*First read my first nine posts in this series; they precede this blog post.
*Now concludes a second part of this series; this series is about my reasons for being a Christian and for embracing a particular “brand” of Christianity called (as in the name of this blog) “evangelical Arminianism.” In order to understand this post you need to read the preceding ones about my reasons for being an “evangelical” Christian.
10) Wrapping Up “Why I Am an Evangelical Arminian Christian”:
In this two-part series I have attempted, to the best of my ability, briefly to sum up my epistemological and theological orientations.
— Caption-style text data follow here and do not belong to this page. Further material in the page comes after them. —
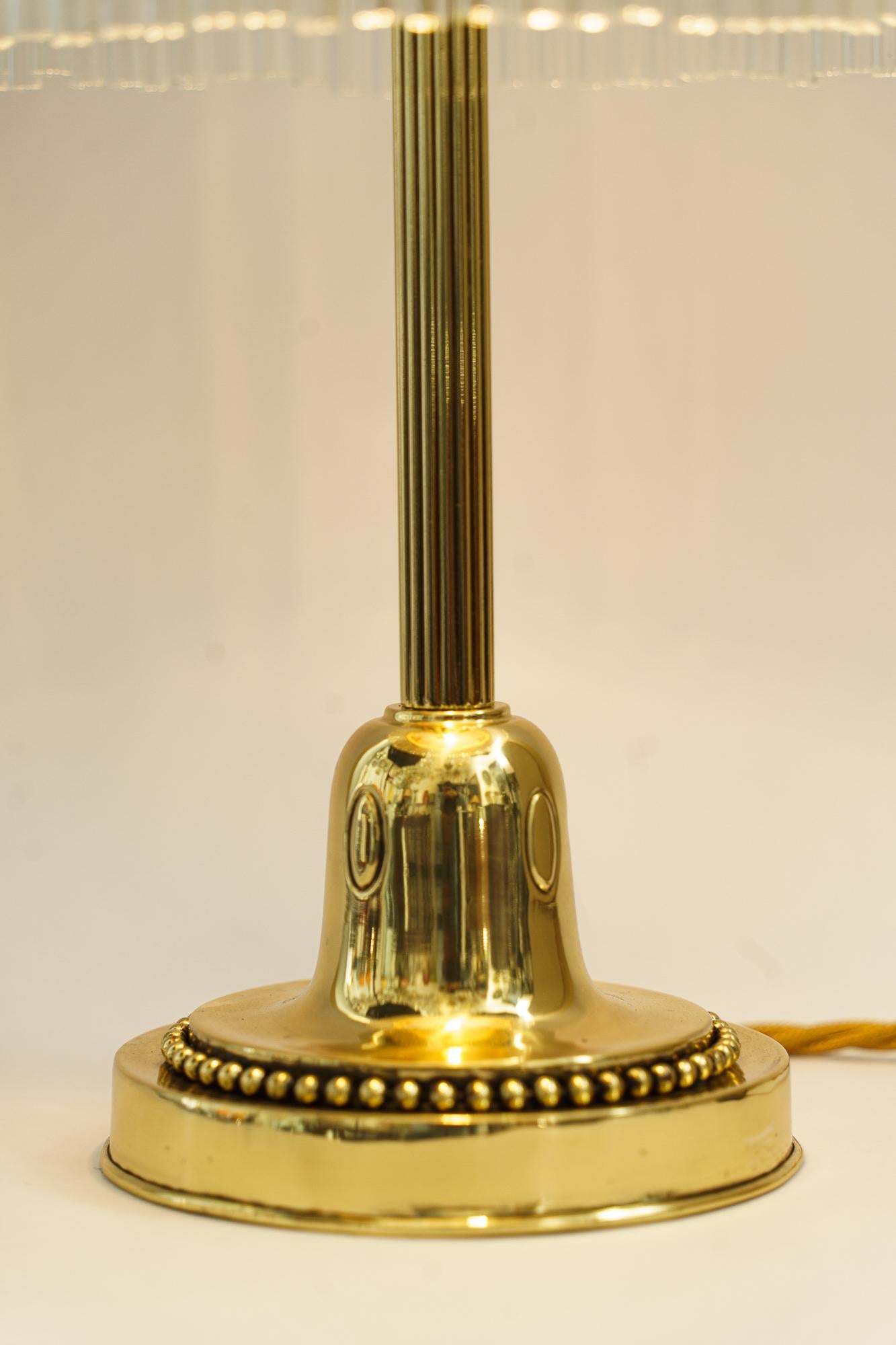 Art Deco Table Lamp Vienna with Original Hand Painted Galss Shade Around 1920s For Sale 12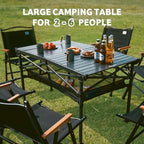 Naturehike Folding Camping Table, Spacious Tabletop Area for 4-6 Person, Portable Aluminum Camp Table for Outdoor, Camping, Picnic, Beach, Carry Bag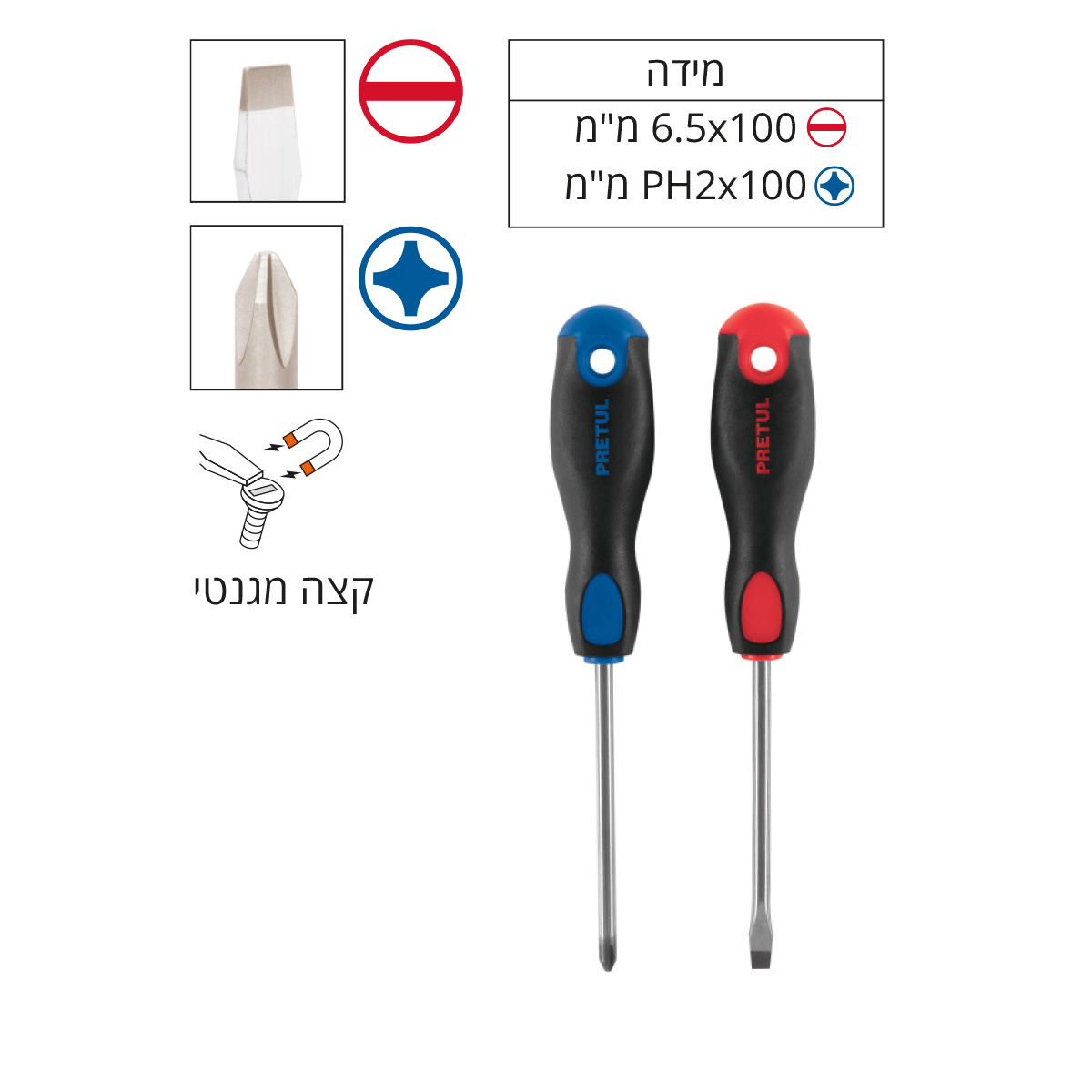 סט 2 מברגים מחוסמים TRUPER PRETUL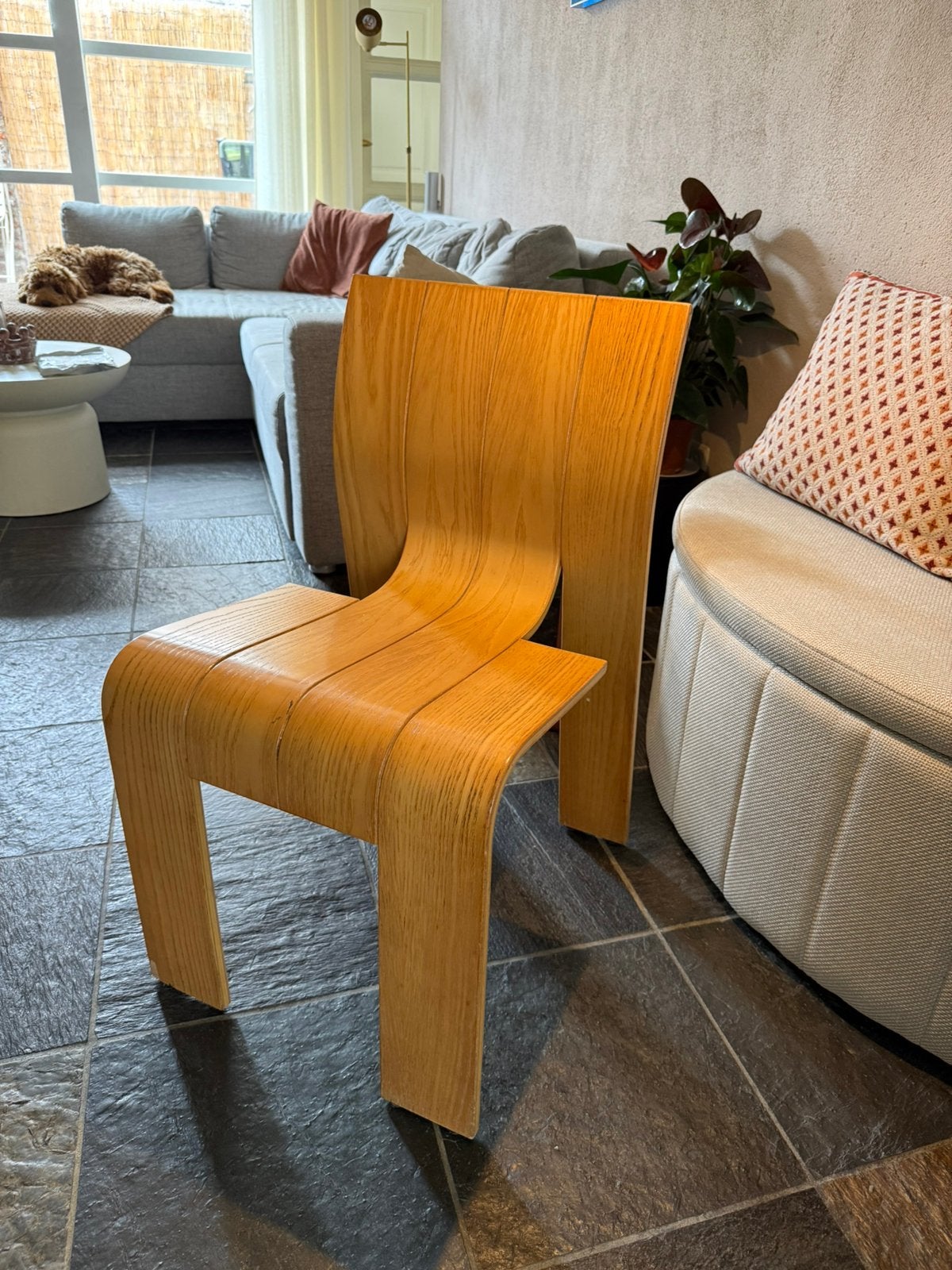 4x Gijs Bakker iconische jaren '70 design strip stoel, Huis en Inrichting, Stoelen, Ophalen, Overige kleuren, Zo goed als nieuw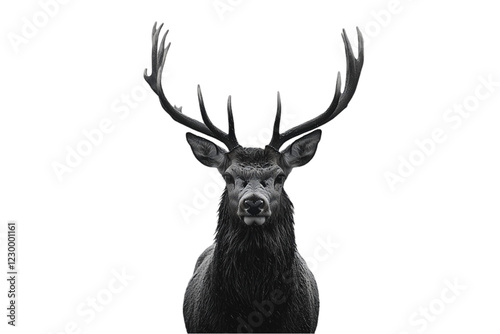 Majestic Stag Portrait A Black And White Close Up Of A Deer With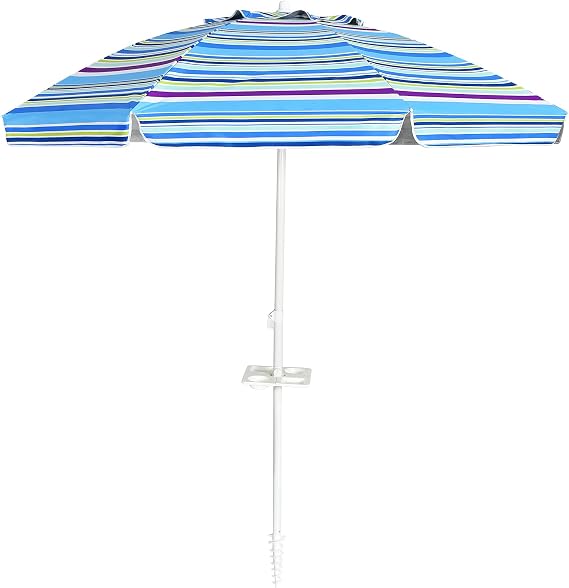 Tangkula 7.2 FT Beach Umbrella, Portable Outdoor Umbrella with Sand Anchor, Adjustable Tilt, Steel Pole, Carrying Bag, Outdoor Sunshade Shelter with Cup Holder for Beach, Poolside (Blue)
The end result is this: Insofar as I have been able correctly to discern the truth of the matter, based on revelation tested by coherence and experience, “evangelical Arminian Christianity” is the best option for answering life’s ultimate questions. There is a sense in which, at this point in my life, I can say about that with Luther at Worms: “Unless I am convinced by the testimony of the Holy Scriptures or by evident reason-for I can believe neither pope nor councils alone [or evangelical human authorities], as it is clear that they have erred repeatedly and contradicted themselves-I consider myself convicted by the testimony of Holy Scripture, which is my basis; my conscience is captive to the Word of God. Thus I cannot and will not recant, because acting against one’s conscience is neither safe nor sound. God help me. Amen” I am not entirely sure exactly what Luther meant by “conscience,” but for me it means truth as I believe it tested by logic and experience –as I explained in the first part of this series.
I am anxiously aware, however, and of course, that I am fallible. I could be wrong. So could every other human I know of except Jesus Christ himself. I do not believe in persecuting anyone for their religious or other beliefs. I am a strong believer in “soul liberty”—one of the reasons I identify as a baptist.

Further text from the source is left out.